Please copy, exactly as they appear below, the lines from the one containing "windshield installation windshield" through the one containing "8 Person Holiday Home in Bindslev - Foto 4".

Dataset entries below:

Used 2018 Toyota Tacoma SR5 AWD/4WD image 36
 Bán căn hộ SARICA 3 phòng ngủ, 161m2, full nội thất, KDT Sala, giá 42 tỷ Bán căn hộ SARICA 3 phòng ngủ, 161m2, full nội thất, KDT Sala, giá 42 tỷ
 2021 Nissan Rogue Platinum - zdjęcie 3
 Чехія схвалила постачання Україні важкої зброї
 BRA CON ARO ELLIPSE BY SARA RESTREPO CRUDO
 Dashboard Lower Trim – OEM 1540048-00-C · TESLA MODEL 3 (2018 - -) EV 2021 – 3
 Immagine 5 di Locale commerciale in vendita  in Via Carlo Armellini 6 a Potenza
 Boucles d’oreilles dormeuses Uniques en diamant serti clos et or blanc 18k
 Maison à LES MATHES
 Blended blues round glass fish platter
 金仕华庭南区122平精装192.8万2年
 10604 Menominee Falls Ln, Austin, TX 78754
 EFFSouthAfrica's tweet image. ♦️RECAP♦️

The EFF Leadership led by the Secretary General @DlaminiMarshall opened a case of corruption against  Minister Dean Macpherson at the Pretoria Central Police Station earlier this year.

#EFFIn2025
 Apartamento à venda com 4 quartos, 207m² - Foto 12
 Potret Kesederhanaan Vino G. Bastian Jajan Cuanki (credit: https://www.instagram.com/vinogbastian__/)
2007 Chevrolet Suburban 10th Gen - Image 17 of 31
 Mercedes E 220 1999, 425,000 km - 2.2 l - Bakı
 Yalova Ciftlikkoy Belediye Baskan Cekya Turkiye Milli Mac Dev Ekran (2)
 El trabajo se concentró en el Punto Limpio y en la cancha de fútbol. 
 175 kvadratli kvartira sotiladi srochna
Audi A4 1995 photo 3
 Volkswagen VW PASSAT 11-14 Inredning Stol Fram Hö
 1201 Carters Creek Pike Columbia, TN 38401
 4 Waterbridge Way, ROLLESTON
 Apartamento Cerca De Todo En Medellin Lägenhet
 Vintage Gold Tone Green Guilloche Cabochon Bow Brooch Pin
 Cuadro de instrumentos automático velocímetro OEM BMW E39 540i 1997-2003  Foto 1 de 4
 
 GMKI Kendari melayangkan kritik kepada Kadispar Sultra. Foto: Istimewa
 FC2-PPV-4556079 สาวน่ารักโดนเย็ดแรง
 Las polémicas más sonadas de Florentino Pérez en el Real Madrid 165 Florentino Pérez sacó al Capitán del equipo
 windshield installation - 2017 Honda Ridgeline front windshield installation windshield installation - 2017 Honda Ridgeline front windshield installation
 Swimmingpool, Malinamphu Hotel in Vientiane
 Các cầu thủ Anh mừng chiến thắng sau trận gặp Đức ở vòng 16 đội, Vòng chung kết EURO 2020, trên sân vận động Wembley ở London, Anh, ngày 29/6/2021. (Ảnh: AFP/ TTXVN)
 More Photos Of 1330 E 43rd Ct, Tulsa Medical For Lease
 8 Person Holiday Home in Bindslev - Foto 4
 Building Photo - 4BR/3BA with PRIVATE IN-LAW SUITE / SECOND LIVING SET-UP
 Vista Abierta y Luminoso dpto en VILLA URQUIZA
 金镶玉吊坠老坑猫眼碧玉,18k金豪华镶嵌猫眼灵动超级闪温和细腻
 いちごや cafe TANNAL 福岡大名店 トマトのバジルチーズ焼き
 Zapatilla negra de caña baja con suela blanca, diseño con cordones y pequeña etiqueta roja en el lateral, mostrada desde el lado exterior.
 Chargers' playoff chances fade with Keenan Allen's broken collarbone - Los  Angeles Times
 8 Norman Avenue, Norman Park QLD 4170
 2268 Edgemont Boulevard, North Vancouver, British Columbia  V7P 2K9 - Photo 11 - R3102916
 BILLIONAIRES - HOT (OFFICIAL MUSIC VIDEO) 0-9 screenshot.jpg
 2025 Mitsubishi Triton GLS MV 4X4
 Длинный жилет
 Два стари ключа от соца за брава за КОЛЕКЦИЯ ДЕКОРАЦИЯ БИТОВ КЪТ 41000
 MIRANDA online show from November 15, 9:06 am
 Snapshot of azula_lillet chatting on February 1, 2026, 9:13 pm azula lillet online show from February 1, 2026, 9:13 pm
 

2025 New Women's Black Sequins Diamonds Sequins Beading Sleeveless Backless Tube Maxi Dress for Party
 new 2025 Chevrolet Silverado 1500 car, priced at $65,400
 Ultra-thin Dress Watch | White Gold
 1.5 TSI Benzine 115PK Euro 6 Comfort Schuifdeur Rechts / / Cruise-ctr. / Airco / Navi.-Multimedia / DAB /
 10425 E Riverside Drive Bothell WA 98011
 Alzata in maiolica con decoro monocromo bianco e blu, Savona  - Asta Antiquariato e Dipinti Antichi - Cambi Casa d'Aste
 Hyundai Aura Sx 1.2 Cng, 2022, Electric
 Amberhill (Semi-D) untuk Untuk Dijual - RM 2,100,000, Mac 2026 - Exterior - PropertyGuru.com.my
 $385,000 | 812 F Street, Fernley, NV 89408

End of Dataset entries.

- [Answer below]
 windshield installation - 2017 Honda Ridgeline front windshield installation windshield installation - 2017 Honda Ridgeline front windshield installation
 Swimmingpool, Malinamphu Hotel in Vientiane
 Các cầu thủ Anh mừng chiến thắng sau trận gặp Đức ở vòng 16 đội, Vòng chung kết EURO 2020, trên sân vận động Wembley ở London, Anh, ngày 29/6/2021. (Ảnh: AFP/ TTXVN)
 More Photos Of 1330 E 43rd Ct, Tulsa Medical For Lease
 8 Person Holiday Home in Bindslev - Foto 4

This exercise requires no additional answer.